_Work item_
The answer must be every line below that contains the string "teeth".

--- START ---

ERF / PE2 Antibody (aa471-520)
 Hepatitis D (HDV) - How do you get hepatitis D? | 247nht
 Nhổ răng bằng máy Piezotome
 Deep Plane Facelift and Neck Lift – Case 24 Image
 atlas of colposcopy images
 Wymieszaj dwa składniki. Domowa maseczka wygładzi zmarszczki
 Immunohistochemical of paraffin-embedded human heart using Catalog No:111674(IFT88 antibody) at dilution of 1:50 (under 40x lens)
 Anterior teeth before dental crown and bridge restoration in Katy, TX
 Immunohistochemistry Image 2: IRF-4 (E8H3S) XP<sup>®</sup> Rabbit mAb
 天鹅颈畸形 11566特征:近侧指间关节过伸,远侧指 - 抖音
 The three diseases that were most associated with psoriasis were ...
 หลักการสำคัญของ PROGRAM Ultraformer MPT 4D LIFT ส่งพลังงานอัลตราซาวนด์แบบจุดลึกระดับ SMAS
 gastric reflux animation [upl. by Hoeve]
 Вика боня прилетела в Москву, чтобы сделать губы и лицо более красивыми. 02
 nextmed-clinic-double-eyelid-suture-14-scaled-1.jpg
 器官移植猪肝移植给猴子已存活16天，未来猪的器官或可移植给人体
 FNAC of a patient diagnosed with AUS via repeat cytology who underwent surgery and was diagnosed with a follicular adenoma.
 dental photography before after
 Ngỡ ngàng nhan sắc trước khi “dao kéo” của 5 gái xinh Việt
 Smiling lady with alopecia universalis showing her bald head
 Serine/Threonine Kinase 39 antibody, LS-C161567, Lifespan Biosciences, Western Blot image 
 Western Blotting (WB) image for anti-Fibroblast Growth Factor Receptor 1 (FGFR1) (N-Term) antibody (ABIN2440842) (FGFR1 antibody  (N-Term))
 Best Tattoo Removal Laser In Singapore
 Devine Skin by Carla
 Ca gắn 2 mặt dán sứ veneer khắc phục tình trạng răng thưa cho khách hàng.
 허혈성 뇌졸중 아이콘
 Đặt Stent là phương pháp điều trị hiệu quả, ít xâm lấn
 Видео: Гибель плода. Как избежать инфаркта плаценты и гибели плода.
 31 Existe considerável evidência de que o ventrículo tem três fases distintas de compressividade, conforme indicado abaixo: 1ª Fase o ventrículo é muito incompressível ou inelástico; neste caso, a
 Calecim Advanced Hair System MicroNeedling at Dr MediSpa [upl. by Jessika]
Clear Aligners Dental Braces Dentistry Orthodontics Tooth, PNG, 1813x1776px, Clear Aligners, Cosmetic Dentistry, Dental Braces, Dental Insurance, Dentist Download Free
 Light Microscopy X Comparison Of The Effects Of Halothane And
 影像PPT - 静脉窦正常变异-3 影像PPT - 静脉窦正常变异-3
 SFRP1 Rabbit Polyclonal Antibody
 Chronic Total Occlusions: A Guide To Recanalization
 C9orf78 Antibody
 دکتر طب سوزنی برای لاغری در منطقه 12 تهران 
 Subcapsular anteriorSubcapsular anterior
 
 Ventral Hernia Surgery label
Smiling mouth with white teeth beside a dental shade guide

--- END ---

_Exercise solution_
 Anterior teeth before dental crown and bridge restoration in Katy, TX
Smiling mouth with white teeth beside a dental shade guide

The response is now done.